Better Know A President III: Thomas Jefferson

12 02 2009


-Elected from Virginia

-Served from 1801-1809

-Only President never to use the power of veto.

-Only President not to be a Christian. Jefferson was a Deist.

-One of the most outspoken people in Colonial America against slavery, even though he owned slaves. He could not release them because he was heavily in debt.

-His vice-president Aaron Burr famously killed former Secretary of the Treasury Alexander Hamilton in a duel. Hamilton basically ridiculed him in public, and Burr could not let this go. Burr challenged him to a duel after Hamilton refused to take back what he had said. Hamilton shot first, but missed. Burr then gave Hamilton a mortal wound and he died the next day. Burr was still vice-president at the time of this duel.

-Jefferson quite literally made his own gospel while in the White House. He took pieces he liked and removed other he did not. He left out any of Jesus’ miracles, his virgin birth, and his divinity/resurrection.

-An avid wine connoisseur

-After Washington was burned by the British in the War of 1812, Jefferson donated his personal collection of books to the government. His books became the foundation for the Library of Congress.
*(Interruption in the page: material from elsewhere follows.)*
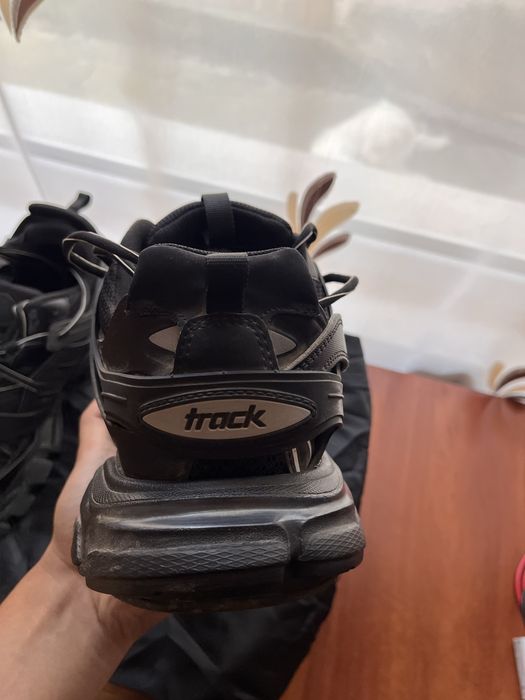 Balenciaga track ca noi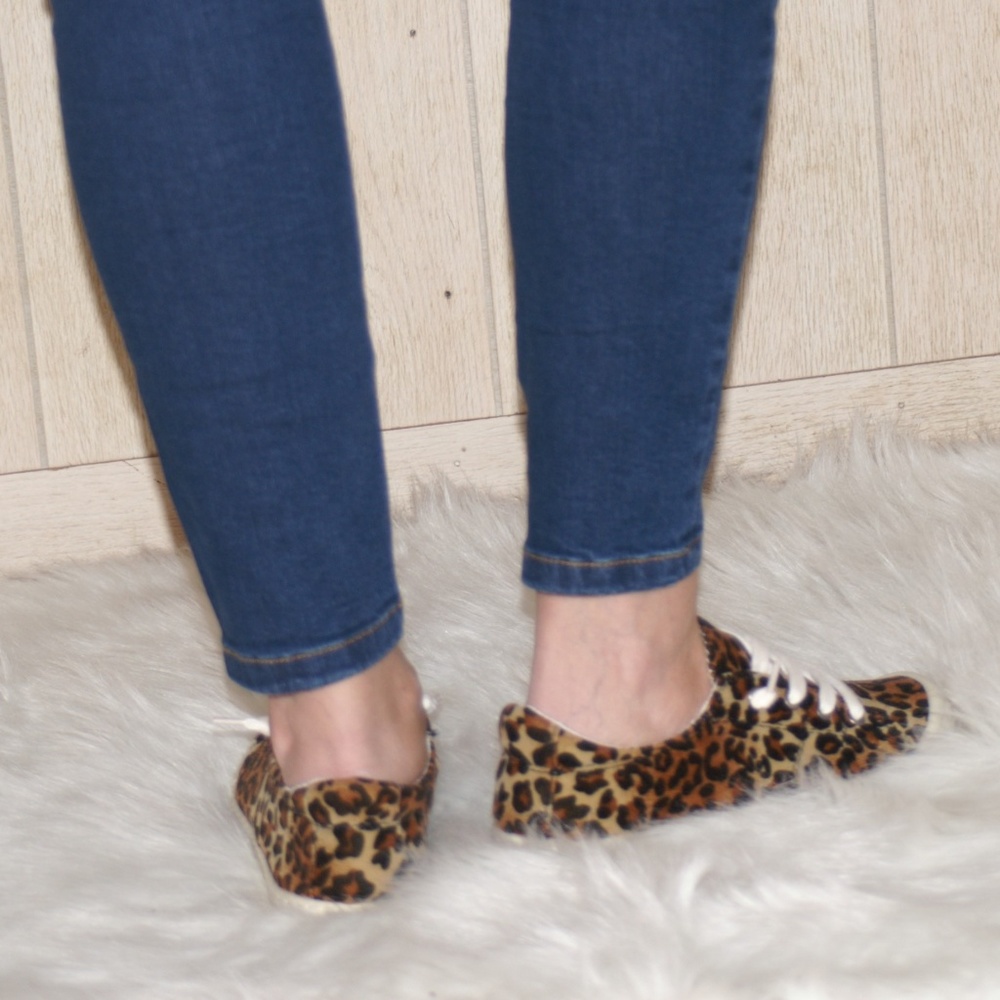 Leopard Print Sneakers - Picture 3 of 8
-Jefferson was a man of science. An accomplished architect, he designed the Virginia State Capitol building. He also was influential in archeology, as this field was still very new at the time. He developed many of the techniques that early archeologists used. He also founded the University of Virginia in 1819.

-First US Secretary of State


Toward the end of his life, Thomas Jefferson wrote his own epitaph, and instructed that the inscription contain “not a word more.” Accordingly, his epitaph reads:

“Here was buried Thomas Jefferson, author of the Declaration of American Independence, of the Statute of Virginia for Religious Freedom, and Father of the University of Virginia.”

Incredibly, Jefferson chose not to mention that he was also:
Minister to France (1785-1789)
Secretary of State (1789-1793)
Vice President (1797-1806) and
President of the United States (1802-1809)

While serving as America’s vice president, Thomas Jefferson, dressed in soiled working clothes, entered Baltimore’s finest hotel one evening and asked for a room. The proprietor, a certain Mr. Boyden, turned him away. Soon thereafter Boyden, apprised of the identity of his distinguished visitor, promptly dispatched several servants to find him and offer as many rooms as his heart desired. Jefferson, having found a room in another hotel, sent Boyden’s representative away with the following message: “Tell Boyden that I value his good intentions highly, but if he has no room for a dirty farmer, he shall have none for the vice president.”

One morning Thomas Jefferson awoke in a modest Washington rooming house, got dressed, and left to attend his presidential inauguration. Duly sworn in, he returned home – and found “every accustomed seat in the dining room taken. No man present rose to offer the President his seat, until the wife of John Brown, the senator from Kentucky, offered to yield hers at the more desirable end of the table. Jefferson politely declined and, in silent acceptance of democratic principles (first come, first served), the third president of the United States went to his room without eating dinner.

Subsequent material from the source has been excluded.